Since she had worked abroad more years than in India when she took over, I ask her how working in India compared with elsewhere. Obviously “very different” but she saw challenges in little things. “For instance, we don’t take deadlines as seriously as the Americans do”. This was not, she clarifies, special to India. The Africans didn’t either. “In Nigeria, when you said you want something now, it meant anytime between now and the next week. So you had to specify that you want it now, now!” The Chileans have a word, ‘ahora’ (which means now) and ‘altiero’ which means right now.”
She also says Indian work culture is not as process-oriented as it could be. “We don’t have a clear line of sight of how we go from start to finish and who does what. In fact, nutrition is an example. It sits on the fringe of many things but is not the centre of anything. We don’t even have a national nutrition strategy.”
Then, I raise the inevitable question about gender prejudice. “I gave up thinking about that a long time ago. Sometimes, people make silly comments but I don’t take those things seriously. My attitude to that is if you have a problem with my gender, it’s your problem.” She says she never experienced such prejudice. “That’s why I sometimes feel that when we talk about it so much we make it bigger than what it is. The core is equal access to opportunities, which women don’t have all the time.”
Did she agree that board positions should be reserved for women, a proposal that has raised considerable controversy? Her take was that “the debate is not about gender, it’s about competence”. India Inc, she adds, is still “very much an old boys’ network” and “if we are saying there are competent women – who are getting more qualified – then we have to create more opportunities for them. In that context if you are saying competent women have to be encouraged more, then, yes, sure, they do.”

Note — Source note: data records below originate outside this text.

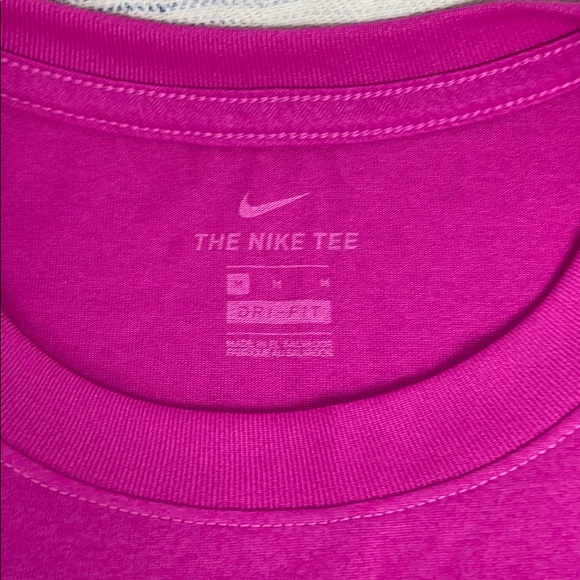 Nike Dri-Fit Women Crew Neck Pink Swoosh T-shirt - Picture 2 of 4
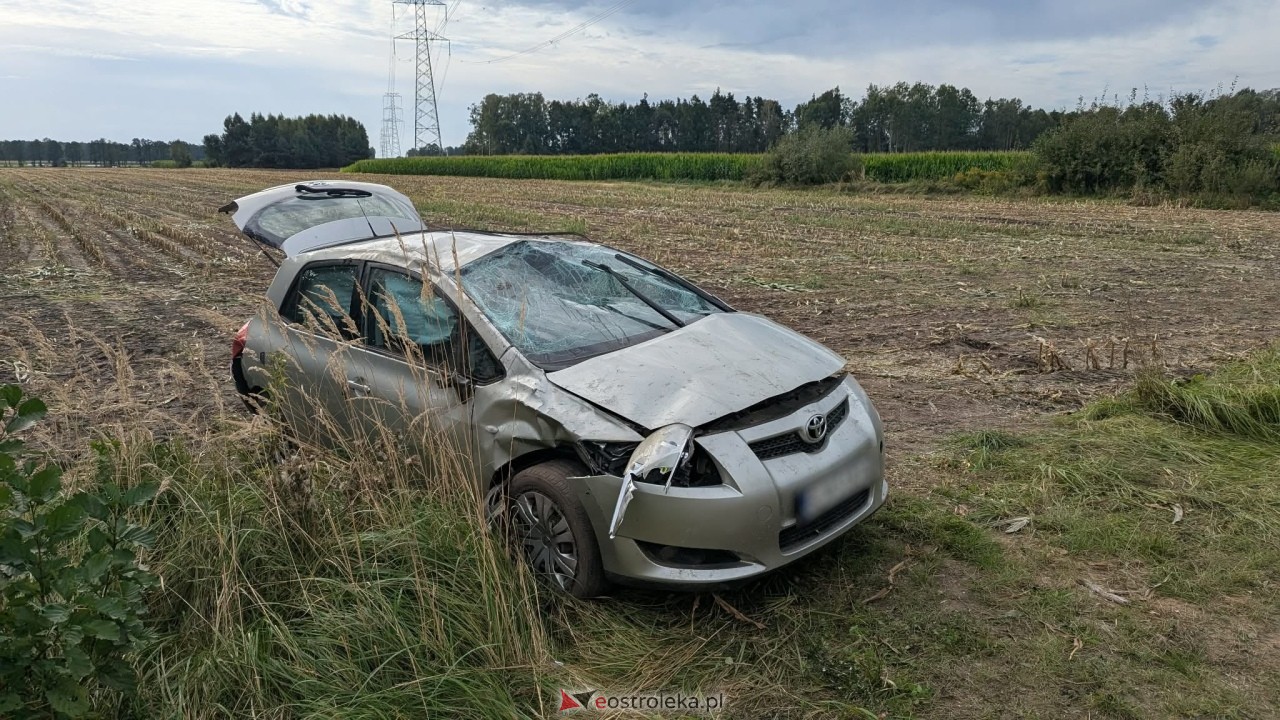 Dachowanie Toyoty na trasie Goworki Nowa Wieś Wschodnia [20.09.2026] - zdjęcie #9 - eOstroleka.pl
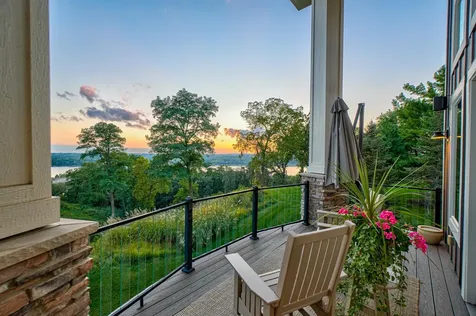 19 Birkmose Park Lane Hudson WI 54016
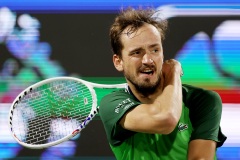 Даниил Медведев проиграл в полуфинале турнира в Дубае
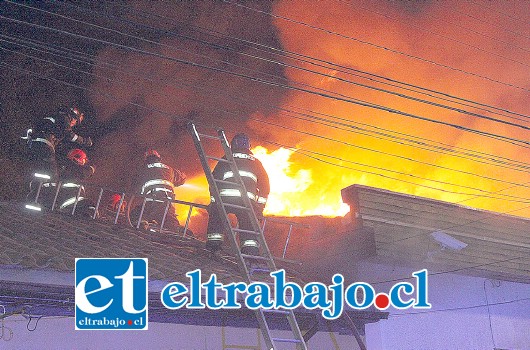 El fuego consumió un 50% de la estructura frontal de la casa de acogida para mujeres víctimas de violencia intrafamiliar provista por el Sernam.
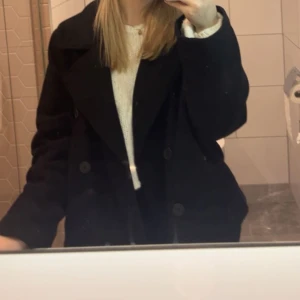 Svart kappa  - Säljer nu min snygga kappa från Nelly, nypris 1100, säljer den för 600 jätte bra skick och inga defekter på den💘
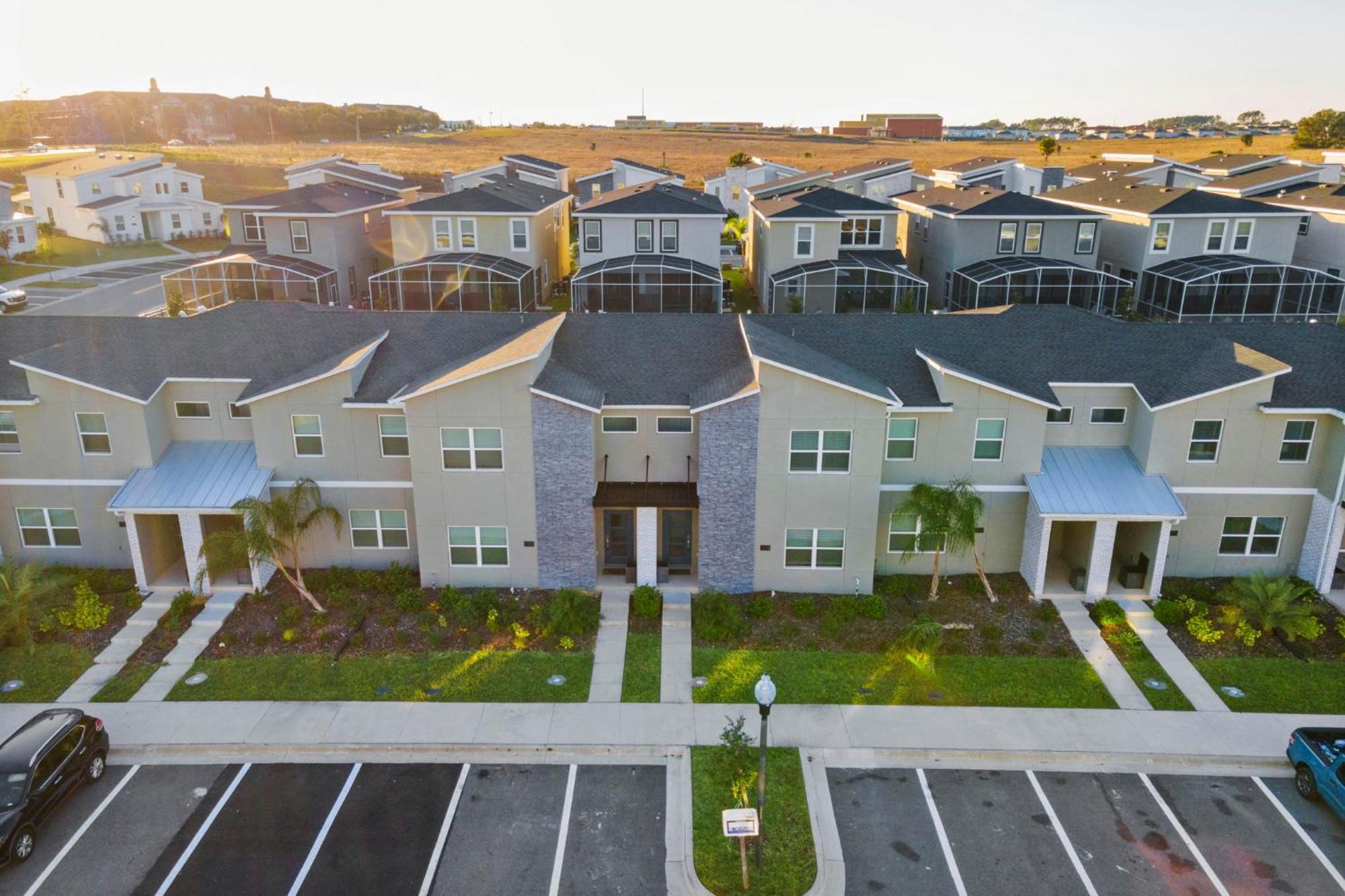 Special 4bedroom Th W-private Pool Next To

We have almost finished our juices and I ask her about an alarming article I read in which she had said she carried her work wherever she went. So is she a self-confessed workaholic? No, she replies emphatically. To her, work-life balance means how work fits in her life and not how life fits into work. It is a question of doing what you enjoy – like Foundation work – and she finds the time to do many other things that she wants to do. “I spend time with people, read, go to the movies, am interested in classical music and dance (I learnt kathak and dabbled with the sitar for a while), love to travel and used to play tennis, squash and racket ball (no longer because I have a back injury). I don’t even think of work-life balance in the conventional sense.”